Opening Up Archives: Introducing Trainee Tuesdays

Opening Up Archives, now in its second year, is a collaborative project supported by the Heritage Lottery Fund, The National Archives, and a number of host organisations across the country. You’ll be hearing from most of the 13 trainees in the coming months as we share our thoughts about what we’ve learned working and training within the sector.

Part of my role here as a trainee at Nottinghamshire Archives is to investigate how digital media can be used to bring the public closer to some of the archival collections we care for, and Nottinghamshire’s history more broadly. To that end, I’ve been tweeting as a frustrated 18th century spinster, developing an online presence for a youth heritage conference, and coding away at things which I hope to share very soon. I’ve also been learning a bit about the importance of digital preservation, but there are more knowledgeable people around here who can tell you about that.

Mundaneum, early web concept cc Matthew Burpee

Mundaneum, early web concept – CC Matthew Burpee – http://www.flickr.com/photos/mburpee/2589663547/

Working at the intersection of old records and new technologies, I’ve been thinking a lot in recent months about how digital culture is changing the world of archives, and I was surprised to learn that these changes aren’t entirely unanticipated. In 1910 Paul Otlet, a man described as ‘one of technology’s lost pioneers’, envisioned a ‘city of knowledge’ that the Belgian government soon offered him funding to build in a wing of the Palais du Cinquantenaire, which he eventually named the Mundaneum (there’s a museum dedicated to it today in Mons). Otlet and his friend, the Nobel Prize winner Henri La Fontaine, used the Universal Decimal Classification that they had already invented to sort and store some 12 million index cards and documents at the Mundaneum, although this vast quantity of material called for an increasingly large number of workers to curate it.

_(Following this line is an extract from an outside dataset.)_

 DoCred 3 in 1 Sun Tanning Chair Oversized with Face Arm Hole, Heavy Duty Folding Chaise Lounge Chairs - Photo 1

Otlet had also been working with an engineer to store bibliographic data on new media, and by the late 1920s the pair had managed to store an entire encyclopaedia on microfilm. Otlet’s experiments with emerging technologies didn’t end there though: in seeking to provide universal access to his paper database, he had a telegraph room installed at the Mundaneum through which anyone in the world could submit a query, hoping that by doing so ‘anyone in his armchair would be able to contemplate the whole of creation.’ The project was doomed though – the Belgian government, having lost interest in the project, ceased funding Otlet in 1934. He stood in protest for a while outside the locked archives, but they remained untouched until the Nazis invaded six years later and either destroyed or removed the collections.

It’s not surprising that the Mundaneum has been likened to ‘snail-mail Google and a card-catalogue Web’, a comparison that suggests current changes in the archival world are progressions as opposed to disruptions. It’s important, I think, to note these continuities in order to understand the depth of the challenges and range of opportunities present in the digital age. On the one hand, Paul Otlet’s work demonstrates that what seems revolutionary is in fact the realisation of a much older vision, but on the other hand there are clear changes in both the working practices of archives and the availability of the materials they house, and as the nature of that material becomes increasingly born-digital they are faced with new challenges that not even Otlet could have imagined.

In my own way, I’m trying to understand those challenges here at Nottinghamshire Archives, and I hope that the skills I bring can help to broaden access to the county’s past. I might not match Otlet’s ambition in that respect, but I hope at least that I’m remaining faithful to his aims.

1 comments

  1. Tom Charnock says:

    I’ve heard of this Mundaneum before – seems like a fascinating concept. An interesting blog post, thanks!